• _GIVEN INFORMATION_
• • • • • • •

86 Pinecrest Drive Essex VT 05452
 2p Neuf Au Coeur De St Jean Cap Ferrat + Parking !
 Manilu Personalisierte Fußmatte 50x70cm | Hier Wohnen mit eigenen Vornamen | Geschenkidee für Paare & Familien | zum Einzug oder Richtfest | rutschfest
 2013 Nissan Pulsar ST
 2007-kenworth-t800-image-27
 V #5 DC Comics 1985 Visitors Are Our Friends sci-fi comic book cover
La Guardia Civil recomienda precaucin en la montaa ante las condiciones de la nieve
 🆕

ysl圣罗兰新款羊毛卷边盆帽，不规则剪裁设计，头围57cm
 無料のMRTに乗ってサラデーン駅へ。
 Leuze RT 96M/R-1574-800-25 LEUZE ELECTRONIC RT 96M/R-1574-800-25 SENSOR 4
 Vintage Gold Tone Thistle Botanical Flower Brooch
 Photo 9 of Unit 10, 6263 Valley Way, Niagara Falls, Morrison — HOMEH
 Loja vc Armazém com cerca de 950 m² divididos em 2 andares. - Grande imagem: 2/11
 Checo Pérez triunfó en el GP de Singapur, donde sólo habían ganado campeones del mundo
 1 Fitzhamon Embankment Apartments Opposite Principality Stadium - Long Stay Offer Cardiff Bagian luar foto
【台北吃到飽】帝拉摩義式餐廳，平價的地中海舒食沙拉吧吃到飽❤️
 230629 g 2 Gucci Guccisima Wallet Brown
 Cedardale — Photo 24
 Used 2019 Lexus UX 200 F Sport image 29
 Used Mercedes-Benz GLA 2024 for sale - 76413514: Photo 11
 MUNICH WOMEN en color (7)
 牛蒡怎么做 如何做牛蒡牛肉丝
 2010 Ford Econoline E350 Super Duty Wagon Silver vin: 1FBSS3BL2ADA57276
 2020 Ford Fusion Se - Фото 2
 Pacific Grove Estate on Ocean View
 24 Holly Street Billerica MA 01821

• • • • • • •

• _WHAT YOU HAVE TO DO_
With every line intact, output the listing above exactly.

• _TASK OUTPUT_
86 Pinecrest Drive Essex VT 05452
 2p Neuf Au Coeur De St Jean Cap Ferrat + Parking !
 Manilu Personalisierte Fußmatte 50x70cm | Hier Wohnen mit eigenen Vornamen | Geschenkidee für Paare & Familien | zum Einzug oder Richtfest | rutschfest
 2013 Nissan Pulsar ST
 2007-kenworth-t800-image-27
 V #5 DC Comics 1985 Visitors Are Our Friends sci-fi comic book cover
La Guardia Civil recomienda precaucin en la montaa ante las condiciones de la nieve
 🆕

ysl圣罗兰新款羊毛卷边盆帽，不规则剪裁设计，头围57cm
 無料のMRTに乗ってサラデーン駅へ。
 Leuze RT 96M/R-1574-800-25 LEUZE ELECTRONIC RT 96M/R-1574-800-25 SENSOR 4
 Vintage Gold Tone Thistle Botanical Flower Brooch
 Photo 9 of Unit 10, 6263 Valley Way, Niagara Falls, Morrison — HOMEH
 Loja vc Armazém com cerca de 950 m² divididos em 2 andares. - Grande imagem: 2/11
 Checo Pérez triunfó en el GP de Singapur, donde sólo habían ganado campeones del mundo
 1 Fitzhamon Embankment Apartments Opposite Principality Stadium - Long Stay Offer Cardiff Bagian luar foto
【台北吃到飽】帝拉摩義式餐廳，平價的地中海舒食沙拉吧吃到飽❤️
 230629 g 2 Gucci Guccisima Wallet Brown
 Cedardale — Photo 24
 Used 2019 Lexus UX 200 F Sport image 29
 Used Mercedes-Benz GLA 2024 for sale - 76413514: Photo 11
 MUNICH WOMEN en color (7)
 牛蒡怎么做 如何做牛蒡牛肉丝
 2010 Ford Econoline E350 Super Duty Wagon Silver vin: 1FBSS3BL2ADA57276
 2020 Ford Fusion Se - Фото 2
 Pacific Grove Estate on Ocean View
 24 Holly Street Billerica MA 01821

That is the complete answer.